Performance per clock of the “Zen” core is high enough to allow it to be competitive with Intel’s best CPU cores of the Broadwell and Skylake family, but just how close is it? Last month Intel released their response to the Mainstream Ryzen CPUs in the form of Coffee Lake, lead by the six-core, twelve thread i7 8700K. But the underlying architecture of the new processor cores remains the same as the Skylake parts from 2015.
Today I am going to take a quick (rather academic, as I will explain later) look at Ryzen’s core to core, clock to clock performance against a Coffee Lake CPU with the same number of cores, threads, cache and running at the same frequency. I will be pitting a Ryzen 3 1200 and i3 8350K against each other in a series of benchmarks and game tests, with both processors running at 3.5 GHz and using 2400 MHz, C15 RAM.
The CPUs
Up first is the Ryzen 3 1200. This is a quad-core, four-thread part based on the same Zeppelin die that makes up all of the “Zen” CPU parts from the R3 series to the highest end Threadrippers and even Epyc server processors. It is a modular design with 8 physical cores clustered into two groups called “Core Complexes”(CCX).
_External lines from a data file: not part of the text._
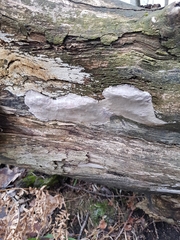 Phellinus laevigatus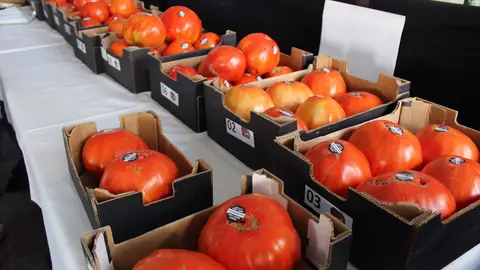El Tomate Huevo Toro celebra su gran fiesta del verano: Pepe Cobos paga 20.000 euros por la caja ganadora El Tomate Huevo Toro celebra su gran fiesta del verano: Pepe Cobos paga 20.000 euros por la caja ganadora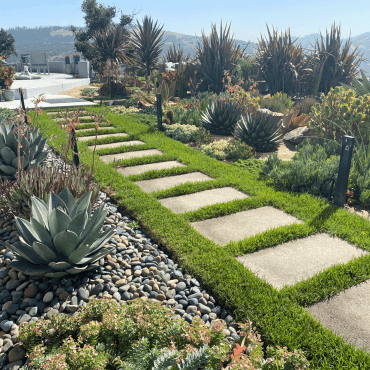 grass pathway in a succulent garden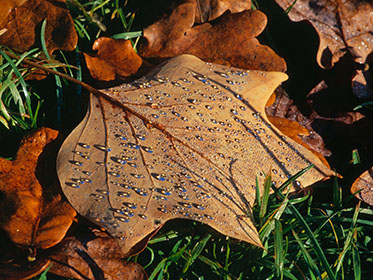 Westonbirt Arboretum - Tulip tree leaf, dew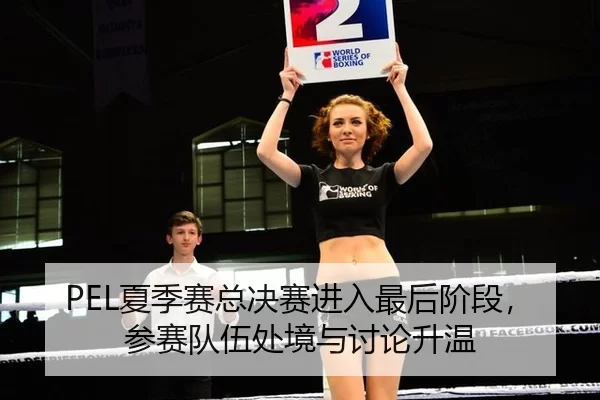 PEL夏季赛总决赛进入最后阶段，参赛队伍处境与讨论升温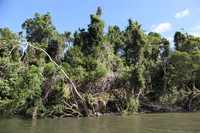 Canon EOS 5D Mark II, 2014:07:19 14:59:07 -- 1/60 sec, f/10.0.  No Flash, Compulsory.5616x3744 Off.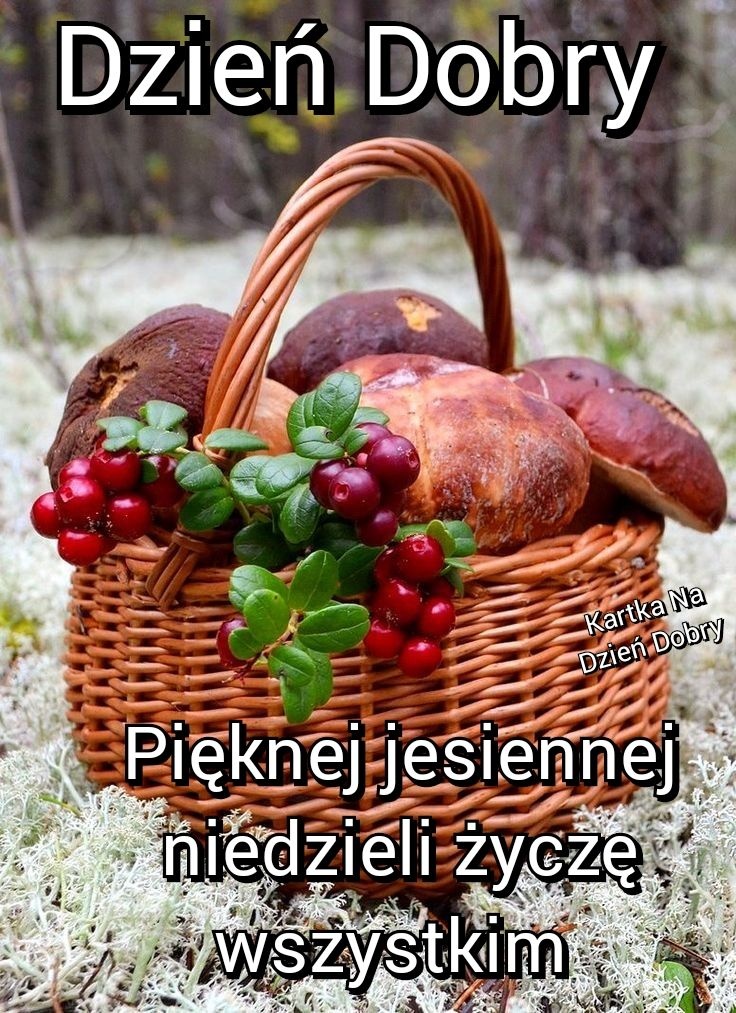 2eedabc4-15bd-4461-9124-fafe7fe4fd38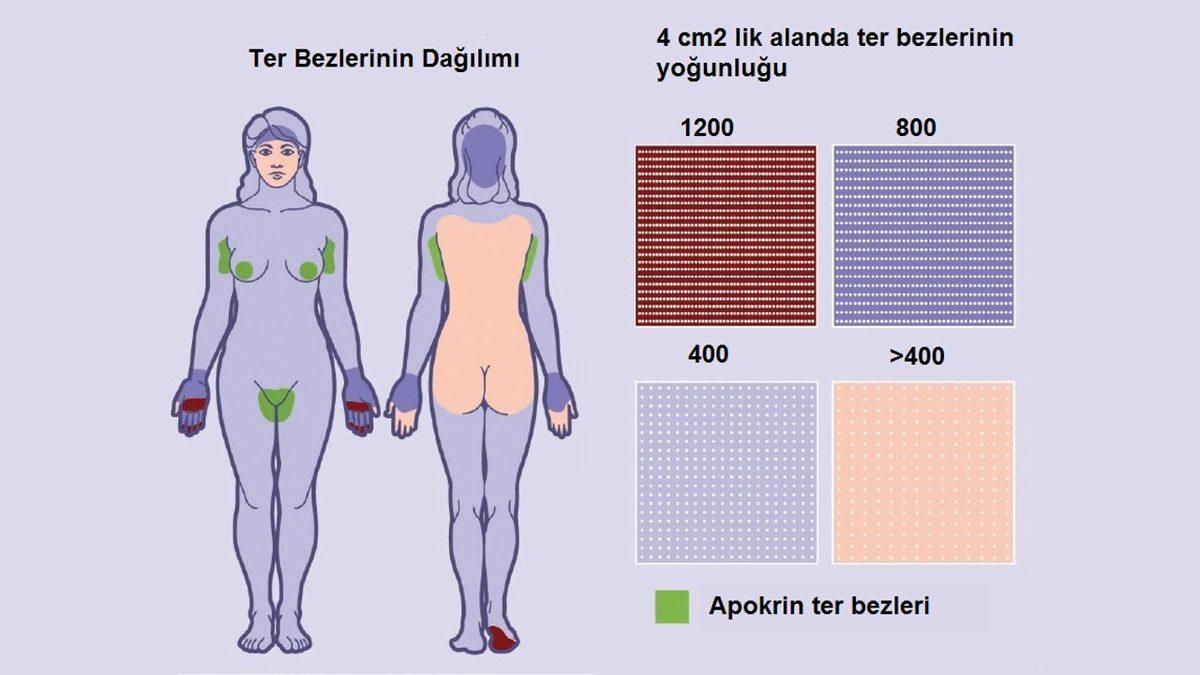 Neden Bazı İnsanlar Diğerlerine Göre Daha Fazla Ter Kokar?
Each CCX contains four closely-linked cores and an 8MB L3 cache. The two groups are connected together using AMD’s Infinity Fabric.
The Ryzen 3 has two cores per CCX disabled and also loses 4MB of L3 per cluster, too. Giving it four cores and 8MB of L3 (split into two 4MB chunks). This is an effect way of re-using dies with defective cores or L3 cache.
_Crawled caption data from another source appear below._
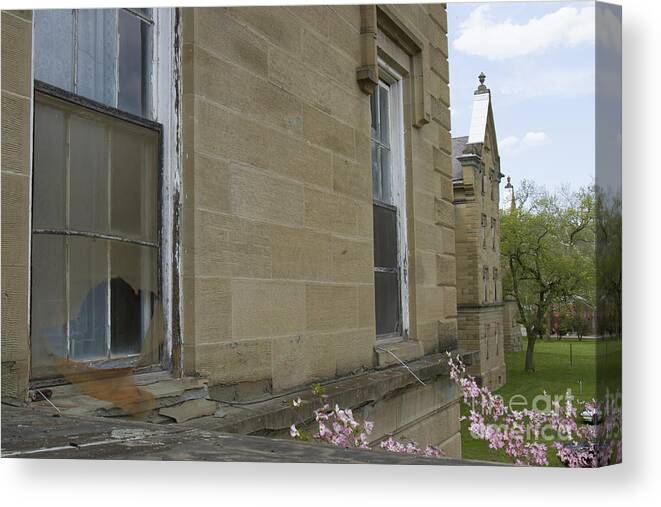 Decay Canvas Print featuring the photograph Urban decay and rebirth by Karen Foley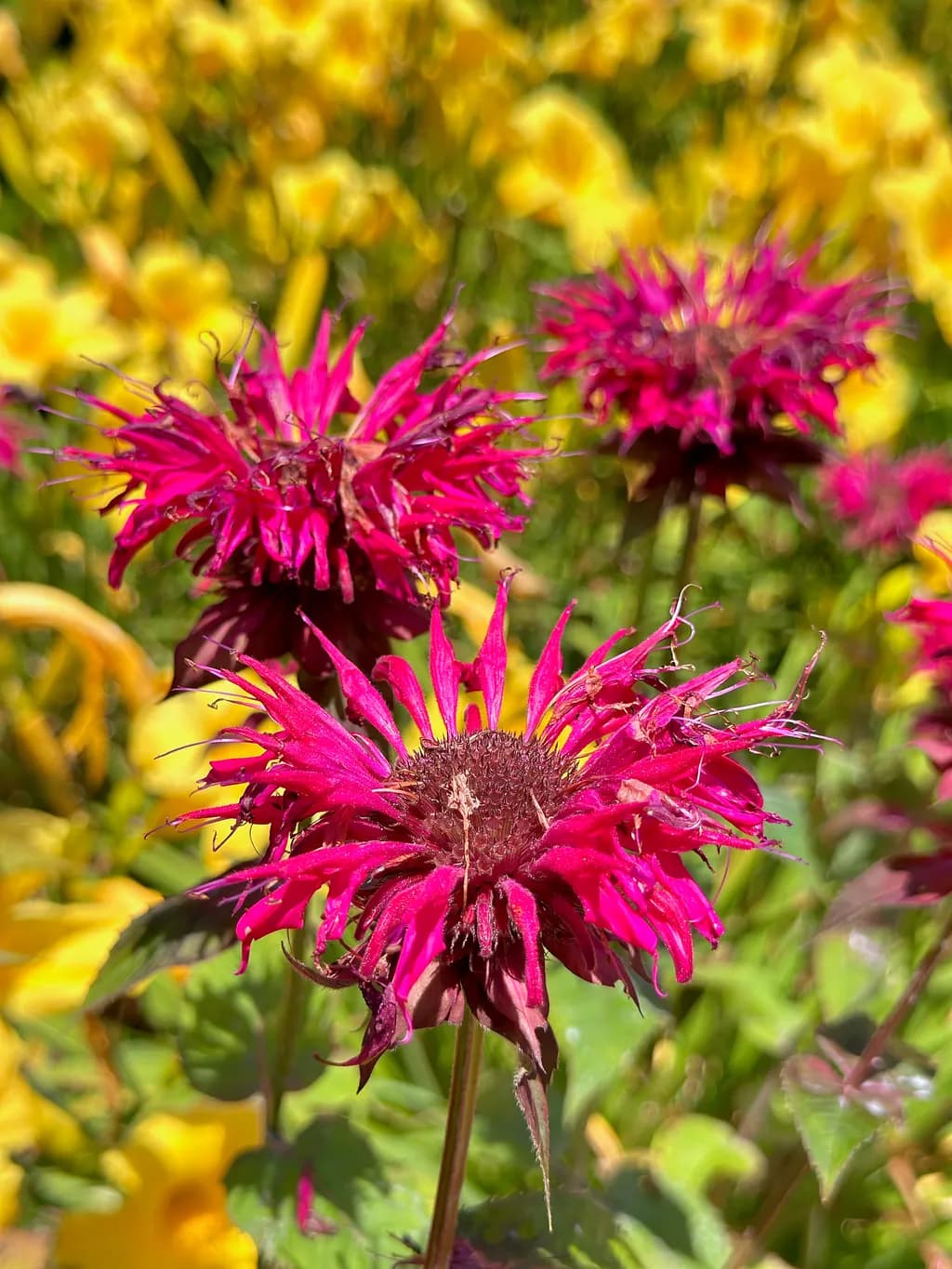 Vibrant Blossoms: A Dance of Fuchsia and Gold in Nature's Palette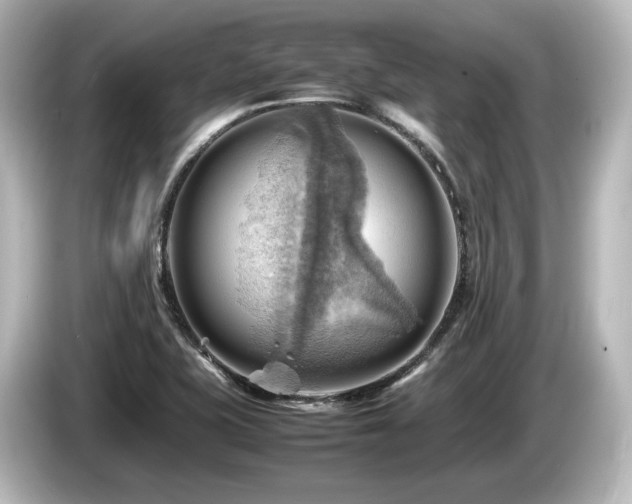 X0000085741415200703161017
The “Zeppelin” die, clearly visible are the two Core Complexes.
On the Intel Side, we have the i3 8350K. This is also a quad-core, four-thread processor. It is based on a native quad core die consisting of a four core group connected with a ring-bus topology and an 8MB block of shared Last Level Cache. Although in the “8th Generation” branding, the 8350K is likely a Kaby Lake die rebadged into 8th gen clothing.
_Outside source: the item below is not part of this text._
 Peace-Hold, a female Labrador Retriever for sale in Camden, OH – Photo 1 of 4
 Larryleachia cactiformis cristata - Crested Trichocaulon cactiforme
A die shot of Kaby Lake-R, the chip used for the 8th generation i3 series.
Test Setup
For this test both CPUs are clocked to 3.5 GHz and are using 2400 MHz RAM with 15-17-17 timings. An Nvidia GeForce GTX 1070 Ti video card was used to allow the bottleneck to be the CPU in the video game tests.
A little note
One thing I will get out of the way; I am not comparing these parts on a value or overall performance basis. The i3 8350K is 60% more expensive than the Ryzen 3. That’s a lot, the real competitor to this part would be the i3 8100. But since I only have an 8350K on hand, it will do (and has the same amount of L3 Cache as the Ryzen 3). Neither am I going to overclock each part to its limit. This is merely an academic look at the clock to clock, core to core performance of two processor architectures. In addition, I am fully aware of the fact that nobody in their right mind in 2017 would play a game at 800×600 or rarely even at 720p; but for the sake of shifting the bottleneck to the CPU and seeing how many frames each part can push, such resolutions were used.